The trouble with this line of reasoning is that autonomy is not a yes/no proposition; it's a scalar. Here is the standard metric:
A classification system based on six different levels (ranging from none to fully automated systems) was published in 2014 by SAE International, an automotive standardization body, as J3016, Taxonomy and Definitions for Terms Related to On-Road Motor Vehicle Automated Driving Systems. This classification system is based on the amount of driver intervention and attentiveness required, rather than the vehicle capabilities, although these are very closely related. In the United States in 2013, the National Highway Traffic Safety Administration (NHTSA) released a formal classification system, but abandoned this system when it adopted the SAE standard in September 2016.
SAE automated vehicle classifications:
Level 0: Automated system has no vehicle control, but may issue warnings.
Level 1: Driver must be ready to take control at any time. Automated system may include features such as Adaptive Cruise Control (ACC), Parking Assistance with automated steering, and Lane Keeping Assistance (LKA) Type II in any combination.
Level 2: The driver is obliged to detect objects and events and respond if the automated system fails to respond properly. The automated system executes accelerating, braking, and steering. The automated system can deactivate immediately upon takeover by the driver.
Level 3: Within known, limited environments (such as freeways), the driver can safely turn their attention away from driving tasks, but must still be prepared to take control when needed.
Level 4: The automated system can control the vehicle in all but a few environments such as severe weather. The driver must enable the automated system only when it is safe to do so. When enabled, driver attention is not required.

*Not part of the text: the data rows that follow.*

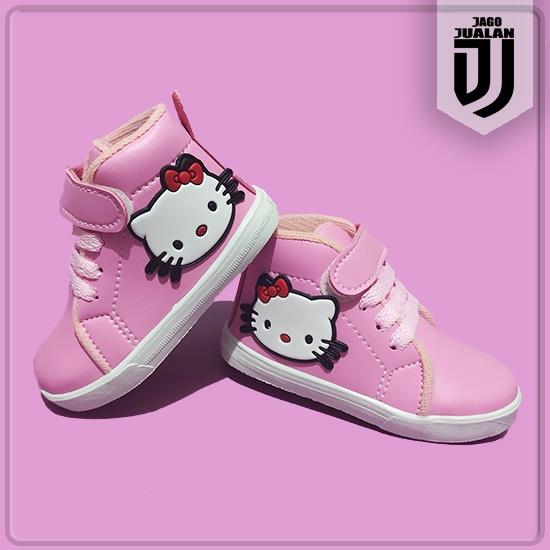 Hello Kitty Motif Girls Boots / Kindergarten Elementary School Children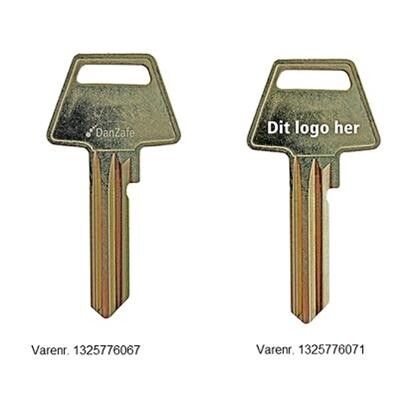 DanZafe 6 stift nøgleemne - RU-5D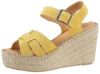 Sandalen in geel van heine online kopen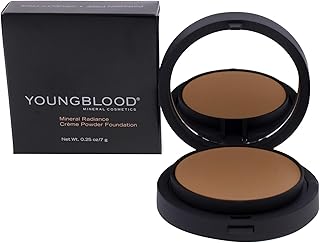 Fond de teint poudre young blood mineral radiance - tawny pour femme 0,25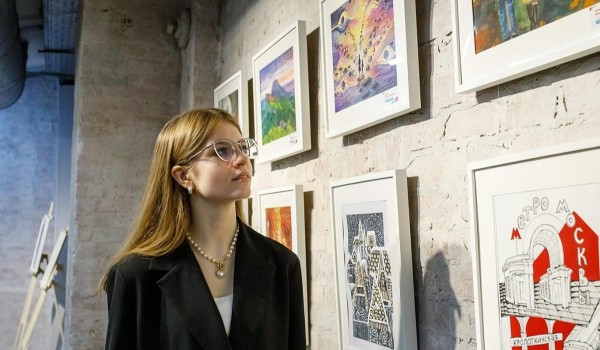 Рисунки московских школьников и студентов колледжей представят на выставке «18–»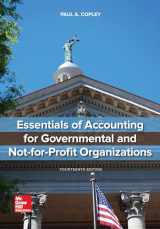 9781260789225-1260789225-Loose Leaf for Essentials of Accounting for Governmental and Not-for-Profit Organizations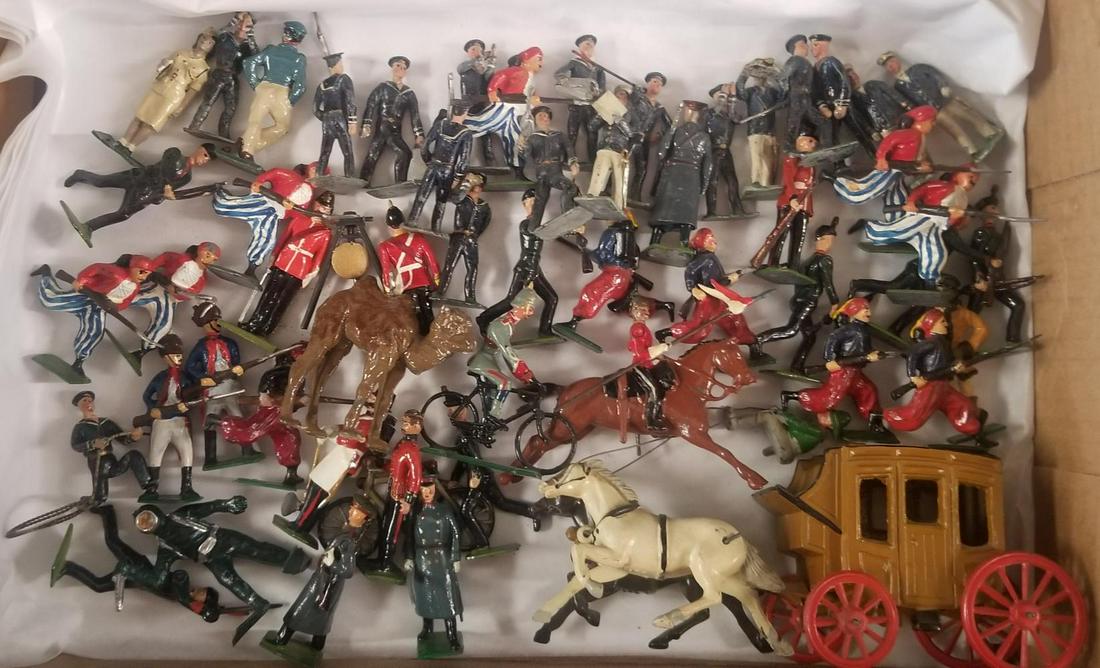 Toy Soldier Lot Dec 14, 2022 Weiss Auctions in NY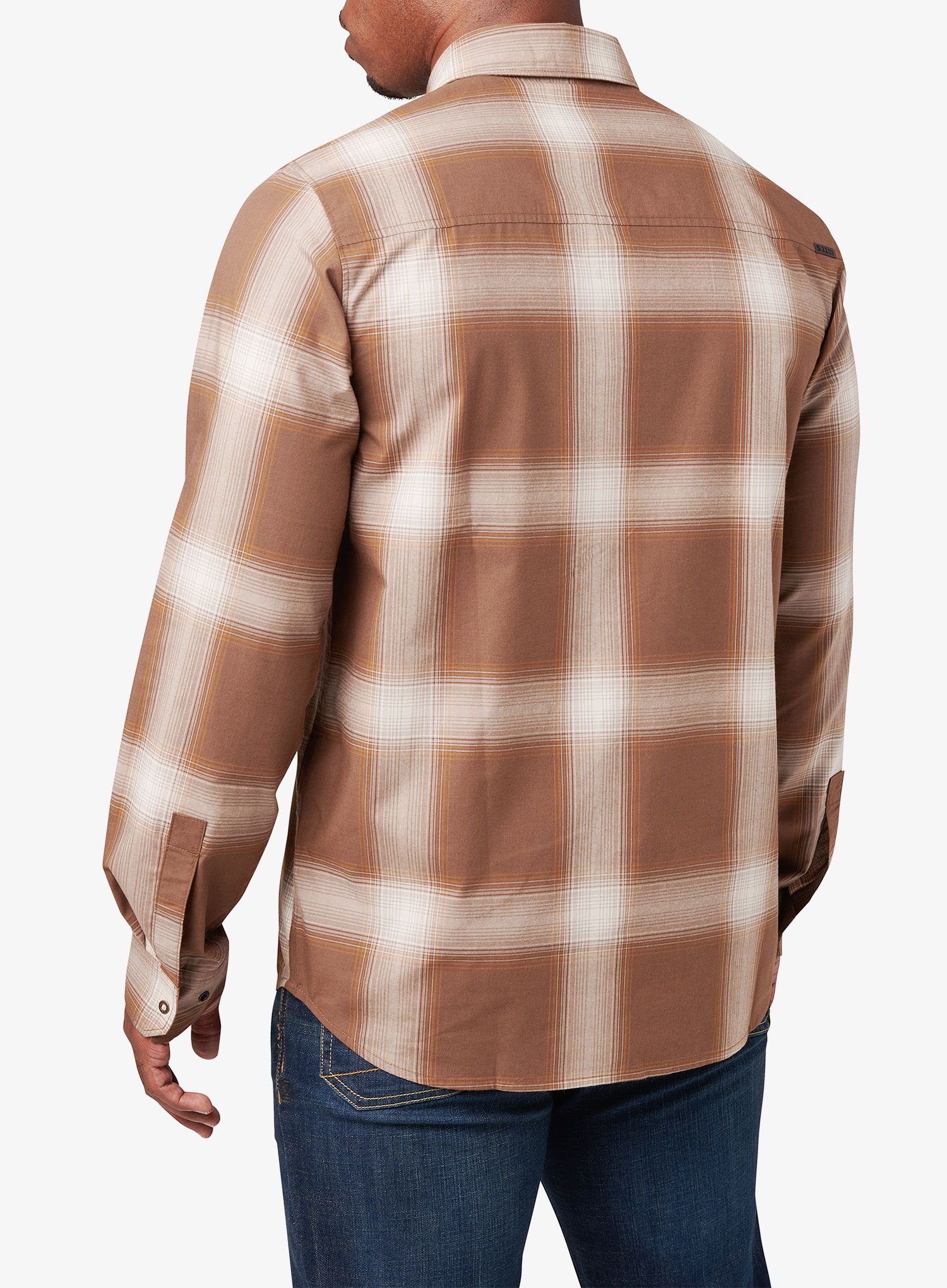 Turistická košile 5.11 Igor Plaid L/S - drk erth pld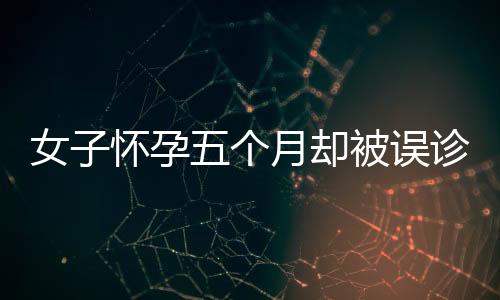 女子懷孕五個(gè)月卻被誤診為婦科病，揭示醫(yī)療誤診問題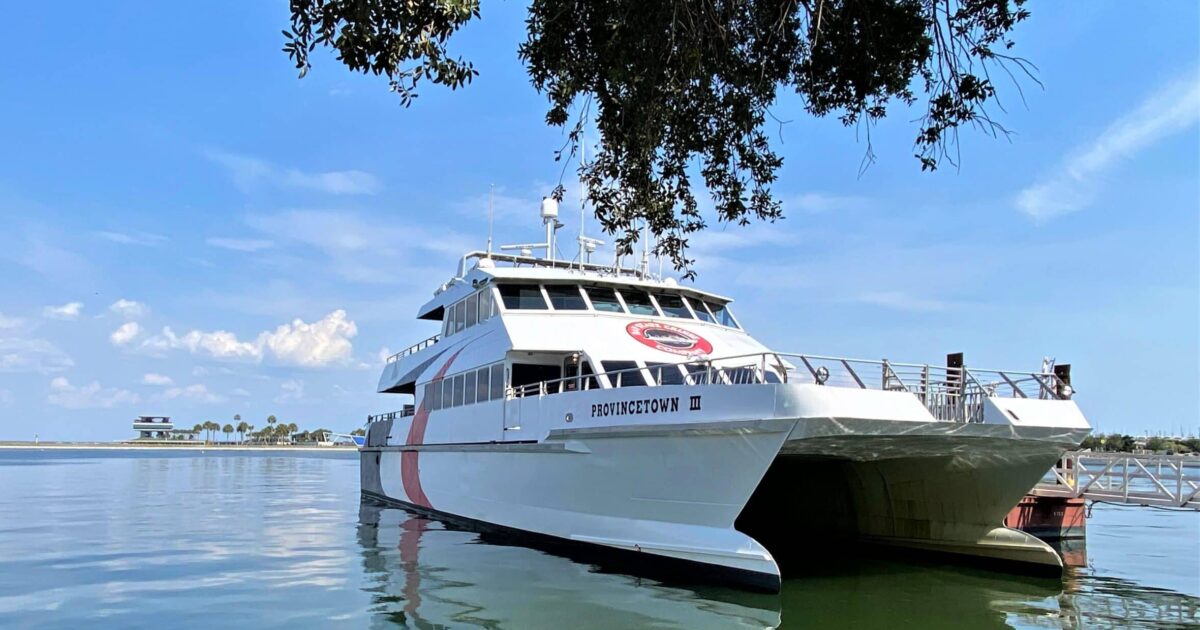 Pinellas Aims to Grow Cross Bay Ferry, but Hillsborough Stands in the Way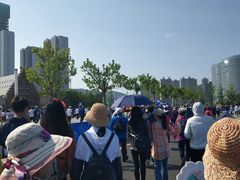 -东港音乐喷泉广场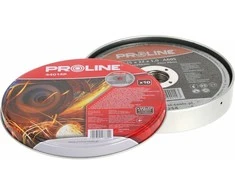 Tarcze Pjovimo diskai rūgštims atspariam plienui, t41, 125x1,0x22a60s proline, 10 vnt.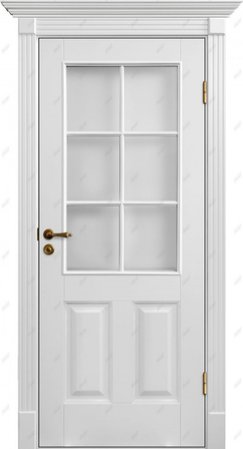 Входная дверь  - Межкомнатные двери Динмар модель Авалон 18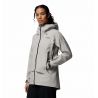 Vattentät jacka Columbia Saudan Pro 3L Shell (Flint Grey) Dam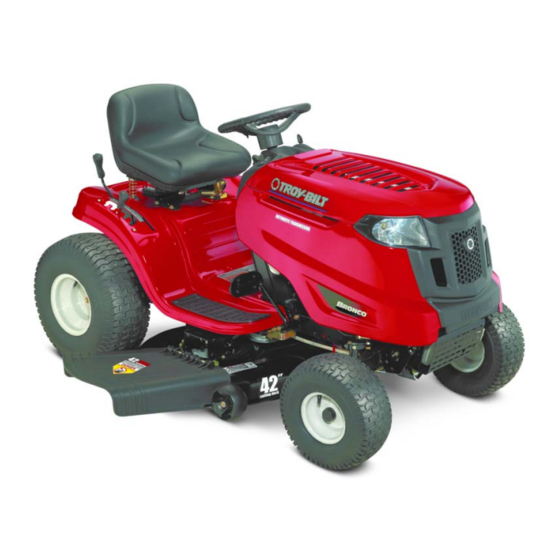 MTD 700 Series Original Operating Instructions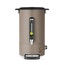 Hendi Heißgetränkekessel UNIQ, designed by Robert Bronwasser, 16L, Taupe, 220-240V/1650W, 357x380x(H)502mm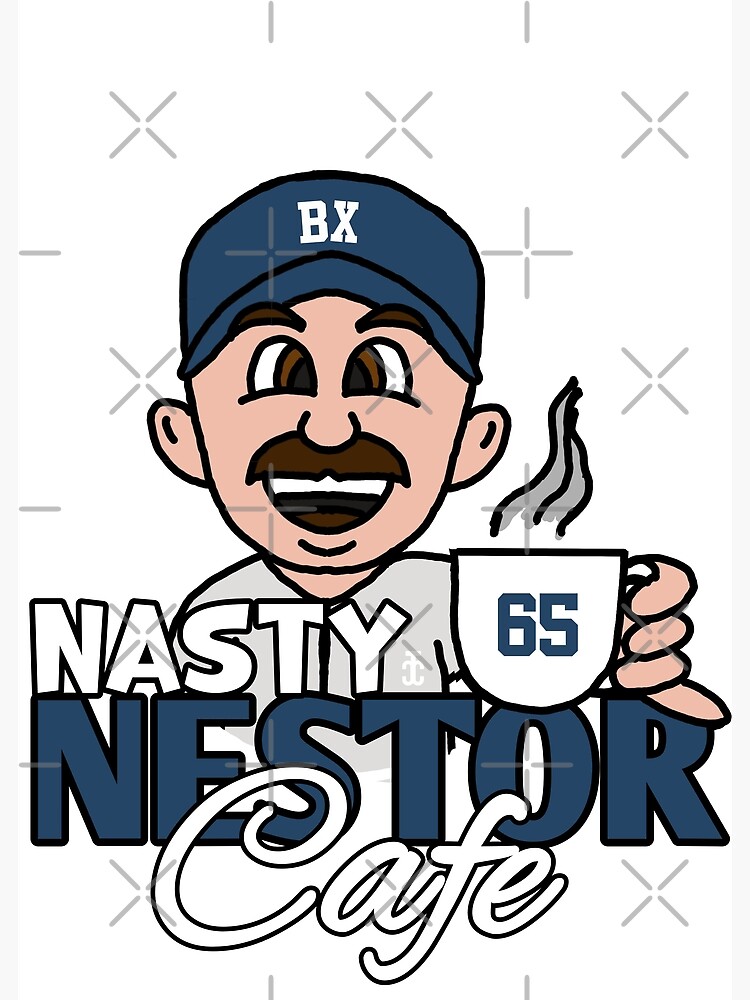 All Star Nasty Nestor Cortes jr  Sticker for Sale by Concerned Citizen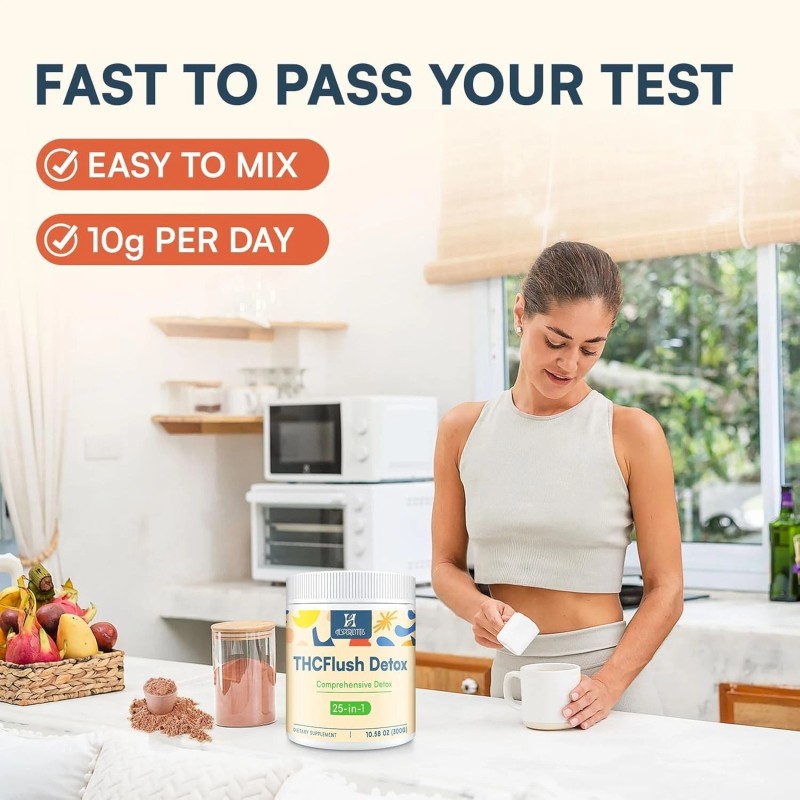 Hesperilyntis Detox Powder Supplement-Liv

Level 5: Other than setting the destination and starting the system, no human intervention is required. The automatic system can drive to any location where it is legal to drive and make its own decisions.
Lee is jumping from one end of the scale to the other mid-argument. The improvements in safety start at level 1 and, if anything, tend to flatten out as you approach level 4. If your car takes control of the wheel when you start to drift out of a lane and applies the brakes when you are about to hit something or someone, then you have already achieved most of your gains in this area.
With regulation, the situation is just the opposite. It isn't till around Level 4 that the serious legal concerns start kicking in, and not until you get to the stage of readily available driverless (as compared to self-driving) vehicles that the issues become truly daunting. Strictly from a technological standpoint, we still have quite a ways to go.
For the record, there are still any number of compelling reasons to fully develop this functionality – – for example, Uber's widely hyped plan to use autonomous vehicles to alleviate labor costs makes no sense if the cars still have to have licensed drivers behind the wheel – – but Lee's safety argument simply doesn't hold water.